13.色々な表情
「あっ、ディフェンダーなのにシュート決めた人だ!」
静けさ漂う1階ロビー。
響き渡る声の主の方へ視線を向けると、匙浜さんがまるで俺をからかうかの様な表情で見ていた。
いきなりそんな事を言われたら普通は驚くのだろうけど、流石に1日に2度も言われたとなると話は別だ。

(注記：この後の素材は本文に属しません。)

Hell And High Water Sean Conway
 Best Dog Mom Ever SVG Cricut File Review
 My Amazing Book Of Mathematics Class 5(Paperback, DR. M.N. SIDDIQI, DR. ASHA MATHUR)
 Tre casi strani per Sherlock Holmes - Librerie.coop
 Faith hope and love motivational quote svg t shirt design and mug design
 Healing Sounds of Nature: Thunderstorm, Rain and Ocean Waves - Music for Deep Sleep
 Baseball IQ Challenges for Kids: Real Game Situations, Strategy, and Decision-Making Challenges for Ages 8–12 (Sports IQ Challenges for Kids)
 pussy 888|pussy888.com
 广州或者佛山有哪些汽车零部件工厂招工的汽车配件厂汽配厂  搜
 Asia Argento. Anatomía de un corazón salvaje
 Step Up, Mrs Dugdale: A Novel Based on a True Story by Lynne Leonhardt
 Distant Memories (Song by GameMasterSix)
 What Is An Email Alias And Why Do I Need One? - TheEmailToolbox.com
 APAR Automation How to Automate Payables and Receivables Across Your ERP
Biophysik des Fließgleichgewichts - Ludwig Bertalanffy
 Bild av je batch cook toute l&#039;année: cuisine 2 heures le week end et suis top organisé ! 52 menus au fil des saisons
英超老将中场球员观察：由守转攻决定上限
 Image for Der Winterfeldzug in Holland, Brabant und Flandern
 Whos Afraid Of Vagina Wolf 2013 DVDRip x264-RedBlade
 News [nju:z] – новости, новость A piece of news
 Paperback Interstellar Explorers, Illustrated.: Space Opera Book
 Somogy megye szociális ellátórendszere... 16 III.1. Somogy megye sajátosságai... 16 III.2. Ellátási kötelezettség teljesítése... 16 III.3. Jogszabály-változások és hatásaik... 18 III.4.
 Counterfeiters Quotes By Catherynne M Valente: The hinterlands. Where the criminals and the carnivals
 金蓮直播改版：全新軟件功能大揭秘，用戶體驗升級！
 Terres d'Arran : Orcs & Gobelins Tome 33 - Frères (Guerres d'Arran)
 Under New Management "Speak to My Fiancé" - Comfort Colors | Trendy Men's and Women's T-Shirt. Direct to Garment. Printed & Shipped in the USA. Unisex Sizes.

それに、いつもは大人びた匙浜さんの子どものような姿は、ギャップも相まって珍しくて仕方がない。
練習試合を終えて最初の診察日。
外来に着いた瞬間に、さっきと同じ事を匙浜さんに言われた。
突然の事に驚いたものの、どちらかと言うと内容うんぬんより、その見た事のない表情の方がインパクトが強かった気がする。
その後少し話をして、俺は診察へ。
どうやら匙浜さんは御神本先生にも試合の話をしていたらしく、挨拶もそこそこに話題は試合の話に。
全力でプレー出来た事。
シュートを決めた事。
匙浜さんの前で活躍できた事を話すと、先生はいつものように笑顔で頷きながら話を聞いてくれていた。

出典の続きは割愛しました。